● Recorded information:
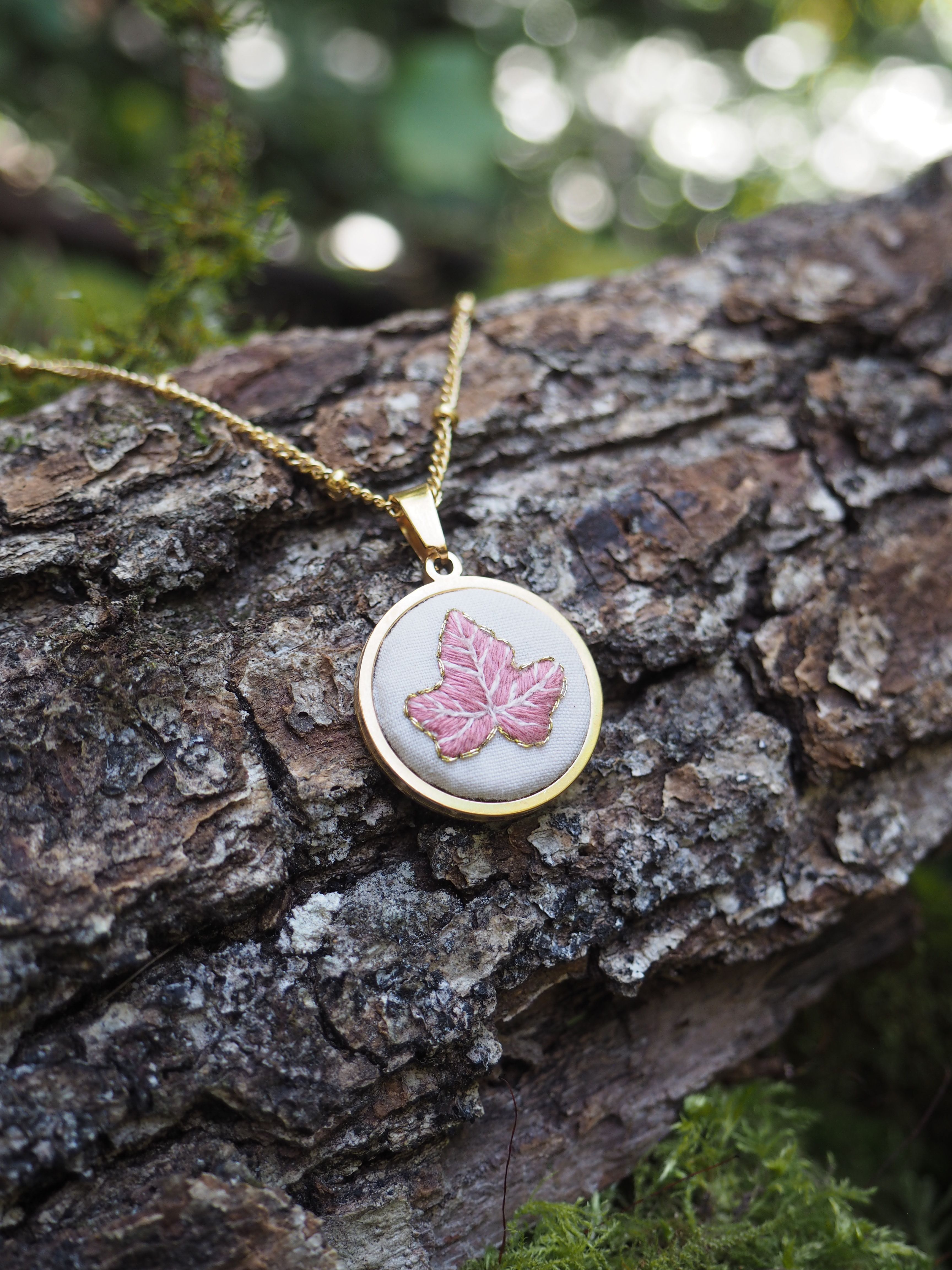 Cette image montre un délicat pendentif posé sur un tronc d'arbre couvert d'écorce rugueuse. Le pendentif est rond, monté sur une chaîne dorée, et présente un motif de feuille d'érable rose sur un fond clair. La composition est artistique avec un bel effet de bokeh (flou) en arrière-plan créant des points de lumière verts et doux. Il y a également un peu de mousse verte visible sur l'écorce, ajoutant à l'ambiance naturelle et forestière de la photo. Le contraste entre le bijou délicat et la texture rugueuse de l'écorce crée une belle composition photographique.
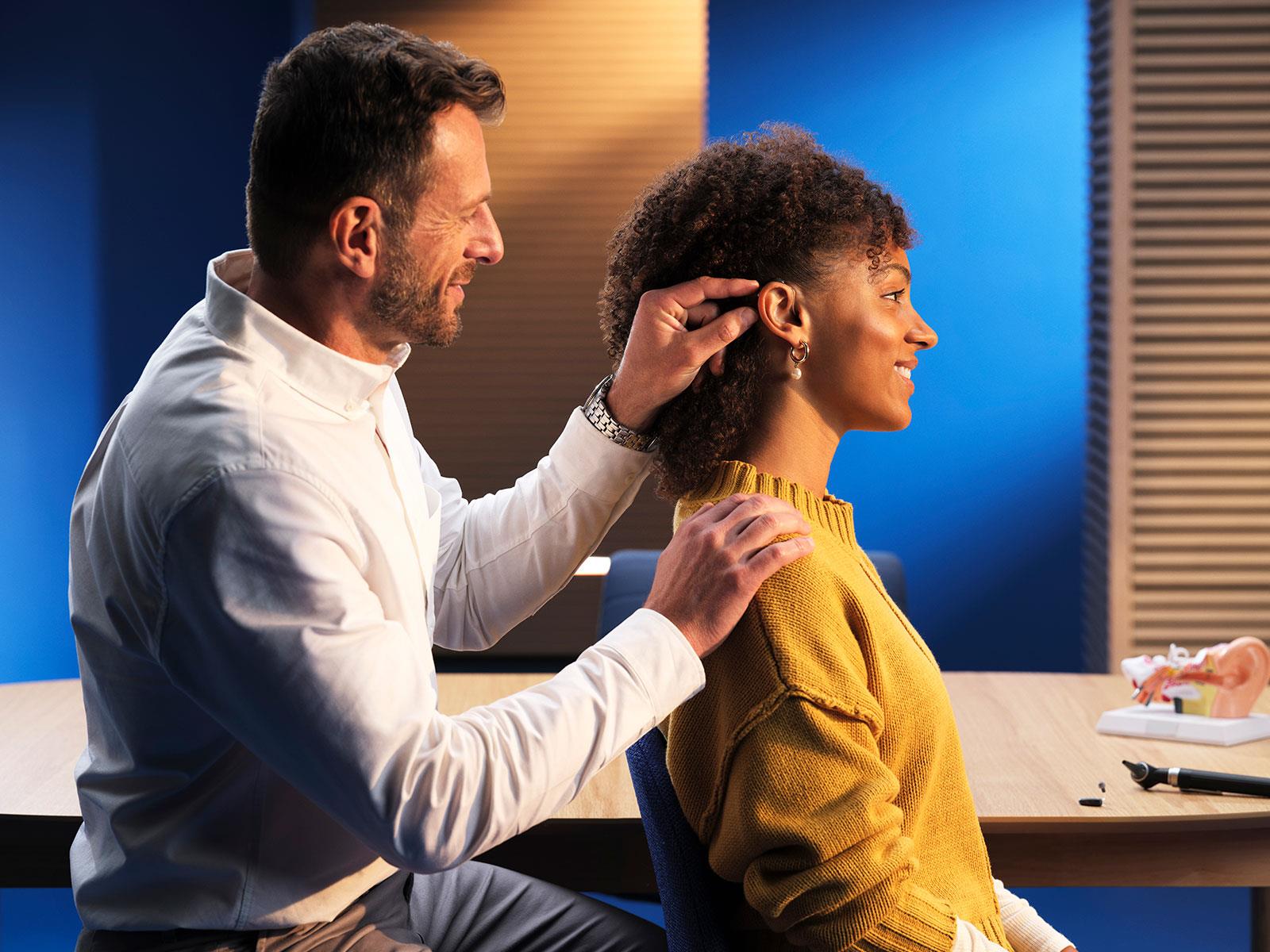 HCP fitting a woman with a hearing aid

...

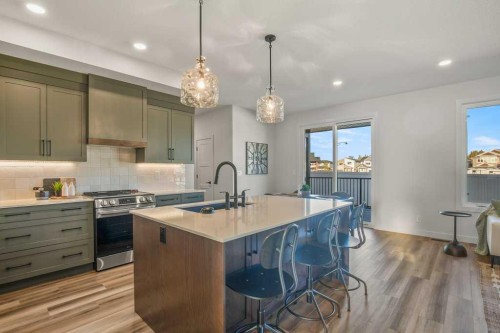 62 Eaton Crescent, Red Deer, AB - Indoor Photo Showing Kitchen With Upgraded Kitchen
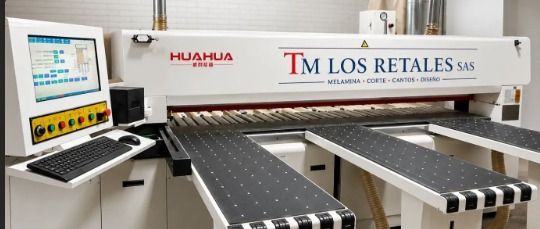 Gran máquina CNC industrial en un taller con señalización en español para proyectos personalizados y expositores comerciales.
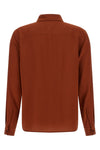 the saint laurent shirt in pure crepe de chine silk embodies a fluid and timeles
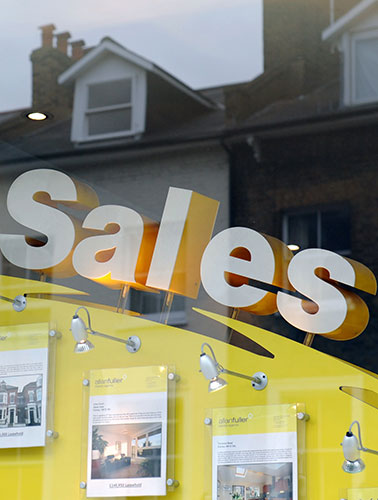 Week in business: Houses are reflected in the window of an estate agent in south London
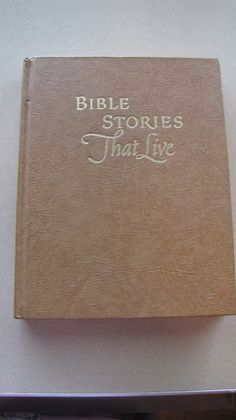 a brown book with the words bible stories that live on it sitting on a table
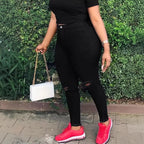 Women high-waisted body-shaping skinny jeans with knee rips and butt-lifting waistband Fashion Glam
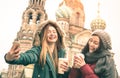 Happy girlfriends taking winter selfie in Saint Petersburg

==

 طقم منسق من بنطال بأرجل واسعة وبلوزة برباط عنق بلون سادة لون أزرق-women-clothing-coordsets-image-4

● Aim of the exercise:
Print, exactly, each line above from the one with "a brown book" to the one with "Happy girlfriends taking", end lines included. Leave pictures out of it.

● Answer box:
 a brown book with the words bible stories that live on it sitting on a table
 Women high-waisted body-shaping skinny jeans with knee rips and butt-lifting waistband Fashion Glam
 Happy girlfriends taking winter selfie in Saint Petersburg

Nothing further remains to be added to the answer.